The Handyman and I were both anxious to get the girls out of the basement and into their coop, so as soon as the weather warmed up he busted his butt to get the run done. To begin, the Handyman planned out the space we were devoting to the run. We wanted to make sure the girls would have a good mixture of sun and shade so we don’t have to worry so much in the hot summer months, and we wanted it to be big so it’d be easier to keep clean. He also wanted to make sure he could easily ride the tractor around it. All of that considered, we were able to give them approximately 450 square feet.
Once the outline was determined, the Handyman started setting the timbers as posts, making sure to set two close enough to act as a door frame.
Once the post holes were dug down two feet (bringing the height of our enclosure to six feet) the Handyman leveled them, and tamped down a little the dirt around them to hold them in place while he mixed and poured the concrete. A major theme around our Homestead is people standing around watching the Handyman do all the hard work. Clearly our little man stood there too long, because he was recruited for mixing concrete.
Once the concrete was mixed, poured into the holes, and left to set overnight, the Handyman added a screened door for me, complete with a rustic handle and spring latch, and then wrapped the run in our two-inch wire poultry netting.

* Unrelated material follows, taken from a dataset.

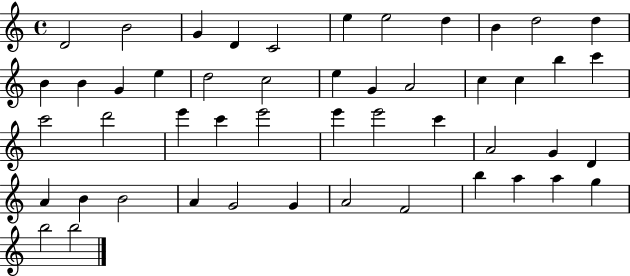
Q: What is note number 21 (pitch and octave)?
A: C5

We knew we wanted to bury the wire underground a bit, to deter any of the lazier predators from getting into the run, and to keep the chickens from getting out, so the Handyman left about 1 1/2 feet at the bottom for me to bury. Further evidence that if you stand around watching the Handyman work for too long you will be put to work yourself. But hey, now I can say I helped! The wire was buried with dirt, and once the grass returns you won’t even be able to tell where I dug.
All that remained was to cut off the overlapping wire, put up some trim to cover any scratchy edges, and put up hinged ventilation openings (see details on this in my Ask the Experts post). A few of the posts got some added supports, but that was just out of an abundance of caution. Overall, the chicken coop and run are just perfect for what we have in mind, and I would estimate that we have under $100 into the whole thing. If you include the money we spent on the chickens, I would say the total is about $125. Now, I don’t know about where you all live, but near me it costs about $4 for a dozen fresh eggs at a roadside stand. With a family of 7 eating like you would expect a family of 7 to eat, we go through about 100 dozen eggs a year. So, in less than one year this investment will more than pay for itself. Plus I get the added fun of keeping chickens!

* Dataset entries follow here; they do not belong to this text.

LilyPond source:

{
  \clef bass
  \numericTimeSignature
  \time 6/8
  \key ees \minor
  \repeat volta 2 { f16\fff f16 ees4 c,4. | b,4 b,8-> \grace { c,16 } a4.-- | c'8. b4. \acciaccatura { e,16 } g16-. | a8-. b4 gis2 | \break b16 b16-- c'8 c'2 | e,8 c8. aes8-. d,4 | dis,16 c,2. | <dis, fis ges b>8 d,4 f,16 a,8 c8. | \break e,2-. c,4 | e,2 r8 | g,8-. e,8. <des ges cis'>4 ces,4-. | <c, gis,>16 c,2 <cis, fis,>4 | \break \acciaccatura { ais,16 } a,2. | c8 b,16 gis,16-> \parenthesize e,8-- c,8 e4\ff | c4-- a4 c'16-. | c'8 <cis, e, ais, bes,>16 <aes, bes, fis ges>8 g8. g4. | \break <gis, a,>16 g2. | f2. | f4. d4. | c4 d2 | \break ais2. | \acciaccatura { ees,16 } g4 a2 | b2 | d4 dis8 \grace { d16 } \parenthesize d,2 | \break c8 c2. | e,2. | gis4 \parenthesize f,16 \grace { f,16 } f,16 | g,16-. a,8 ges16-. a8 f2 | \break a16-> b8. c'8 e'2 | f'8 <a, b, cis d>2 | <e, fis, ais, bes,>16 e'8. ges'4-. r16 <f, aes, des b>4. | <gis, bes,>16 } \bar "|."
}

I christen thee “The Egg Plant”!
Now, I was under the impression that I was getting black sex linked chicks, because I swore the Mennonite farmer told me they were a cross between a Rhode Island Red rooster and Barred Rock hen when we spoke on the phone. But for anyone who has never heard a Pennsylvania Dutch accent … well, they can be a little difficult to understand. It’s like English and German had a baby. So apparently what she must have said was that it was a RIR roo and a White Rock hen. So instead of getting black chickens, like what was recommended to me by Dax, I got a set of gorgeous red girls. I’m not worried about aerial predators, because the run is pretty well covered by trees, so I decided to stick with my gingers. They’ll blend right in at this house. Poor Handyman is severely outnumbered by redheads now.

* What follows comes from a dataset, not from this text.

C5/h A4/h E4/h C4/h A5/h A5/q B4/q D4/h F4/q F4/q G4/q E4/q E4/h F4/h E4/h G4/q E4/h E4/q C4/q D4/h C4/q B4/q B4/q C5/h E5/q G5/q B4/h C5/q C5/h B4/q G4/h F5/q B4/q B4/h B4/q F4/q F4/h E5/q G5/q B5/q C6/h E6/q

For anyone who is interested in what I mean by sex linked, basically it takes the guess work out of determining if your chicks will turn into hens or roos. Lots of farm supply places sell chicks that are sexed (meaning someone goes out in the park and lifts up the dinosaurs’ skirts), but that is an unreliable process that is frequently wrong. My mom and sister got about 25% roos when they spent extra to buy sexed pullets. I actually wrote an entire essay length explanation on sex linked traits and how they work, but then I decided that not everyone is as dorky about genetics as me, and you all probably don’t want to read a thousand words on chicken sex chromosomes. So … for the Cliffs Notes version, basically with certain hybrid chickens the males will have different coloration than the females, and that is obvious from the very first day. No skirt lifting needed. This is wonderful for people like me, people who want hens but no roos and don’t want to wait months to find out what you have.
So let me introduce you to the newest members of our flock.
Can anyone guess the theme with the names? Of course, considering they all look so much alike, I don’t know how much the names will get used. But they have to have names, right??
The girls are named after the authors of some of my favorite books!
- Edith Wharton’s The Age of Innocence
- Charlotte Bronte’s Jane Ayre
- Louisa May Alcott’s Little Women
- Margaret Mitchell’s Gone with the Wind
- Judy Blume’s Blubber
- Agatha Christie’s And Then There Were None
- Lucy Maud Montgomery’s Anne of Green Gables series
- Daphne du Maurier’s Rebecca
- Mary Shelley’s Frankenstein
- Beatrix Potter’s The Tale of Peter Rabbit series
I am thrilled to death with the chicken coop and run. I am looking forward to adding some landscaping in the next few weeks, including some field stone around the base of the coop and some plants under the nesting boxes outside of the coop. Just because it’s functional doesn’t mean it can’t also be adorable, right?
I have an exciting post coming up in the very near future. I have a review of what has turned out to be one of my FAVORITE gardening products of all time, and to celebrate my discovery of this product (and just in time for Mother’s Day delivery!) I am going to do a giveaway! Don’t forget to like and subscribe to make sure you don’t miss it.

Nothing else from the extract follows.